Adam hanım karışık olmadan, çalgı, müzikli tanrısal ve başka haram karıştırmadan, Tanrı rızası için okumak, salevat-ı şerife getirmek, tatlı şeyler yedirip içirmek, hayrat ve hasenat yapmak, böylece, o gecenin şükrünü yerine getirmek müstehabdır. (Ni’met-ül kübrâ, Hadika, M. Tembih)

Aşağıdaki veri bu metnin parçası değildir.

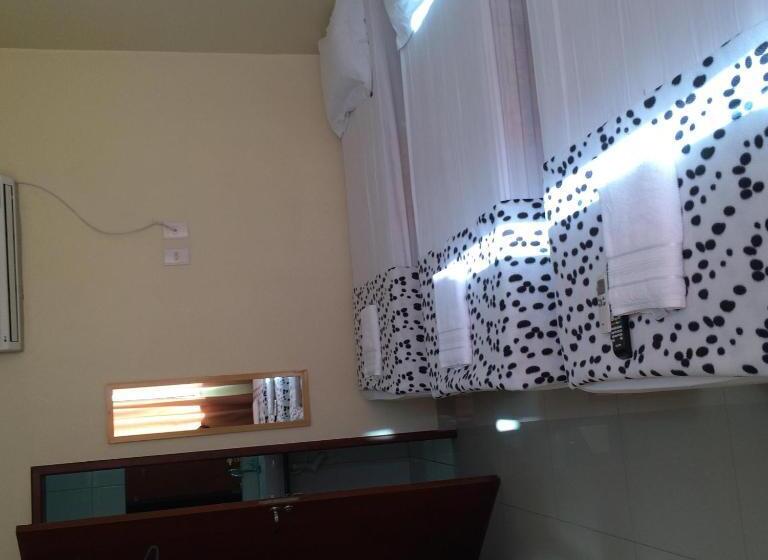 Пансион Pousada Verdes Flores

Resulullah efendimizi oldukca övmek, mahlûkların en üstünde bulunduğunu söylemek, Allahü teâlânın, sevgili Peygamberine verdiği üstünlükleri saymak ve Ondan şefaat istemek, büyük ibadettir. Buna karşı koymak, koyu bir cahillik, pek çirkin bir inattır. Resulullahı övmek, anmak lazım geldiğine kanıt olarak, Ahzab suresinin (Tanrı ve melekleri, Resule salevat getiriyor, inanç edenler, siz de salevat getirin) mealindeki 56.âyet-i kerimesi yetmez mi?

Vehhabi mantığına bakın!
Vehhabi Feth-ul-mecid kitabının önsözünde, (Süud torunu Abdülaziz tevhidi yeniledi. Arabistan yarım adasına barış ve güvenlik getirdi. Oğlu Süud da, geçmişlerinin yoluna yaşam verdi. Hulefa-i raşidinin yolunu açtı) diyor. Süud oğullarının kılıçlarının keskin olmasına yakarma ediyor. Yunanistan’da, Atina’nın en lüks otellerinde, yüzlerce gayrimeşru cariye ile, Yunan kızları içinde, senelerce sefalet, içki ve fuhuş âlemleri sürerek 1384 [m. 1964] de zevk, safa, işret içinde ölen Süudü ve dedelerini övmek için (yaşam verdi, yol açtı) şeklinde methiyeler söylemesi, ondan yardım dilemesi şirk, kabahat olmuyor da, ehl-i sünnetin, Allahü teâlânın sevgili Peygamberini övmesi, o yüce Peygamberin, mahlukların en yüksek derecesinde bulunduğunu bildirmesi, (Her istediğini vereceğim) müjdesi ile şereflenmiş olan o en yüksek Peygamberden yardım ve şefaat istemesi, kabahat ve şirk oluyormuş.

Utanmadan bu yazıları, din kitabı diyerek müslümanların önüne sürmektedir. Gençleri aldatmak, mezhepsiz yapmak için, İslam âlimlerine, müslümanların gözbebeklerine, müşrik, sapık demekten haya duymamaktadır. Hadis-i şeriflerde, Resulullahın kendi yüksek makamını anlatmasına, acaba ne diyecektir. Peygamberlerin seyyidi, gelmiş gelecek, tüm insanların en üstünü bulunduğunu bildirdiği için, o şerefli Peygambere de, (hâşâ) kirli kalemini bulaştırmak küstahlığını mı meydana getirecek?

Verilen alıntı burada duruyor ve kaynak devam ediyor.